Princeton University is to remove the name of former United States President, Woodrow Wilson’s name from the institution’s School of Public and International Affairs, stating he was a racist who foisted segregation on the country’s Public Service.
Trustees of the Ivy League university situated in New Jersey said they had considered “whether it is acceptable for this university’s School of Public Affairs to bear the name of a racist who segregated the nation’s Civil Service after it had been integrated for decades”.
The trustees said the question had become more urgent due to the recent deaths of black people in police custody “which have served as tragic reminders of the ongoing need for all of us to stand against racism and for equality and justice”.

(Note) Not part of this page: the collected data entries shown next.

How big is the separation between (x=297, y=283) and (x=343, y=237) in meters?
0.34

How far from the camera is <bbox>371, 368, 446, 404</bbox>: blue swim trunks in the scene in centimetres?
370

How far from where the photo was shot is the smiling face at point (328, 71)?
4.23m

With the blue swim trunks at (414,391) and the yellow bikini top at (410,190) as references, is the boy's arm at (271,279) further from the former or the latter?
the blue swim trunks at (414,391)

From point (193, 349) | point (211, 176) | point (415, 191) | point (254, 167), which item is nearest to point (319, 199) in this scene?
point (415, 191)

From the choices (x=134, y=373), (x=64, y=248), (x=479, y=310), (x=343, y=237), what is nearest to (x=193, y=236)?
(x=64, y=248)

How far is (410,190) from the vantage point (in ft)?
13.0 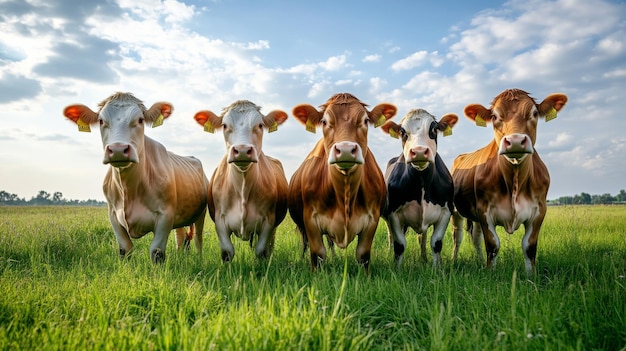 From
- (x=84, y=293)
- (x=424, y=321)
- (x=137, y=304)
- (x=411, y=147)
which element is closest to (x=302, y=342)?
(x=424, y=321)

President of the university, Christopher Eisgruber said the decision came after a “thorough, deliberative process”, five years after a group of student activists occupied his office in protest against the faculty’s dedication to Mr Wilson (pictured), who served as President from 1913 to 1921.
Mr Wilson is credited with improving educational standards at Princeton and he was honoured with the creation of a faculty dedicated to public and international affairs studies, as well as a residential complex.
While he is remembered as a progressive, internationalist statesman, his reputation is clouded by his racist policies in other areas of Government.
Mr Wilson segregated Federal workers in Washington, blocked a proposal to include racial equality as a founding principle in the League of Nations, and hosted White House screenings of the racist 1915 film Birth of a Nation, which celebrated the founding of the Ku Klux Klan.
He was seen as accepting of brutal racial segregation in the south as a way of keeping the peace.